Note-worthy Experiences Music Studio
F E A T U R E
Interview with Emilie Catlett
F E A T U R E
Interview with Emilie Catlett
What is your favorite genre of music?
Oof. It depends on my mood. Here is my honest answer:
While I have no scholarly evidence for this, I firmly believe that we forge our musical identities in our teens. My own musical tastes can be traced back to the 5 albums I played on loop between the ages of 12 and 18:
1. Billy Joel’s River of Dreams, 1993.
2. Crossing Bridges, 2004 with Mark O’Connor, Natalie Haas, and Carol Cook. I switched to
viola because of this album.
3. Ella and Louis, 1956
4. Elton John’s Goodbye Yellow Brick Road, 1973.

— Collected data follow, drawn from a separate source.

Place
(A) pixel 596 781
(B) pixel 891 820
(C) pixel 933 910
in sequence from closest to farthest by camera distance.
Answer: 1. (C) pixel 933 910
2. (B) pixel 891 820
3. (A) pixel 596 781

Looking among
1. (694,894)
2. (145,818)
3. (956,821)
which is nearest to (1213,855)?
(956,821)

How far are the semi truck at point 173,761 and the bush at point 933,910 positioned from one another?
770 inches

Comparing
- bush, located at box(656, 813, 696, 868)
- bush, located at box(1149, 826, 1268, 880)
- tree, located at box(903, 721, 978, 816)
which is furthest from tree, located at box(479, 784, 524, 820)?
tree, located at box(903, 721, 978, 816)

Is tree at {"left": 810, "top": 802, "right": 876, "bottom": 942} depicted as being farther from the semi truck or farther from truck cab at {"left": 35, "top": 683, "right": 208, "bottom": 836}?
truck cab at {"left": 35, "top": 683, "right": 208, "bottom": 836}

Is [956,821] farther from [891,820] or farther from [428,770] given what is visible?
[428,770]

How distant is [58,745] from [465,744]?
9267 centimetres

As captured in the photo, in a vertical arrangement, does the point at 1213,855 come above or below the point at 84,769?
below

5. The Best of Fiddle Fever, 1990.
I should also mention that during these years, I played in several North Texas fiddle contests, so I listen to a lot of country music. Presently, my favorite tunes reflect my work more than they do my down-time. I’m currently writing a book about fiddle waltzes that made it to the Texas fiddle contests, and I’m arranging several of them for my viola duo. Bluegrass power-couple Bill Monroe and Kenny Baker occupy most of my headspace at this time. Next week, it could be someone else. While I enjoy playing classical music with my friends, I don’t listen to enough of it.

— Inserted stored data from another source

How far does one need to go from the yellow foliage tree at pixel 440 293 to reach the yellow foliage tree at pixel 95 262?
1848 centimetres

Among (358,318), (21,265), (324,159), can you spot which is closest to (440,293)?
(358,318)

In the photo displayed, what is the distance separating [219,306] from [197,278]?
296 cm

How old were you when you first learned to play an instrument?
My mother put me in piano lessons when I was 3 or 4. I don’t remember much about the lessons. I remember singing more than I practiced piano, actually. I’ve tried a little bit of everything when I was a kid: guitar, clarinet, saxophone. My two sisters and I started violin lessons at the same time. I
was an older beginner at 9. Violin was the instrument that stuck...until I got my hands on a viola.
Who were some of your most inspiring teachers?
This is a tough one for me to answer, but I feel like it’s such an important question. I’ve had the privilege of studying with some amazing musicians: classical, folk, and jazz. I have also had some incredibly challenging experiences with teachers, and I think these are just as important as the amazing ones. Three stick out, though. My old fiddle teacher, Dale Morris Sr, (“Waltz King” of Texas) taught me how to put my heart into my music. I wish I could put his speaking voice on the page, because it’s this slow, thick, small town Texas way of speaking. He phrases things just like he speaks, and my
time with him left quite a mark on my playing. The accent is certainly present in all of my work, but I think that makes me unique. Wayne Brooks was my Houston viola teacher. Here, I might get a little bit vulnerable. Mr. Brooks is an incredible violist, with a long career in the Houston Symphony. Many of his students move on to similar careers. I was not one of those students. I had almost no real classical strings experience when he took me into his studio; when we parted ways, I still had some technical mountains to climb. It was a challenging relationship at times, but I learned how to work my tail off. Rictor Noren was my Boston Conservatory teacher. In the two years we worked together, I went from a violist who worked really hard to hide her fiddling “accent,” to one who embraces her diverse musical identity. Mr. Noren gave me a space to just be unconventional, while still holding my
technique to high standards.
What is your advice for students who want to learn a new instrument or improve their
First, you should just go for it. Life is too short to not try the sound that you’re really drawn to. My second piece of advice comes from a dear friend and colleague of mine, Andy Reiner: “embrace the suck.” In order to become really good at something, we have to first be really bad at it. Learning to play an instrument is not always an amazing experience, and we will all go through periods of really hard work. Honestly, sometimes we are going to really feel like we “suck,” but that does not have to mean that it’s not worth the effort. Again, life is too short for us not to forgive ourselves for not immediately being “good” at something. Third, and last: spend time playing the things that you like. That can be something you learned in earlier lessons, a theme from a movie, or a really cool instrumental solo you heard in that new song you like. Learning to play an instrument can sometimes be a real slog, so you need to keep things you like to play in your back pocket.
When you are not performing or teaching what do you like to do?
Oh, I do a lot of things. I love to be outside, so I hike 5-6 miles every morning. I live very close to Ponkapoag Pond, so that’s my usual route. I closely follow the Great British Bake-off, because I enjoy a good baking challenge.. For those of you who are 21 and up, I brew my own cider and limoncello.;-) I do all of this while listening to audiobooks and podcasts, but my tastes are generally pretty spooky. I am also known to occasionally play Magic the Gathering and Dungeons and Dragons.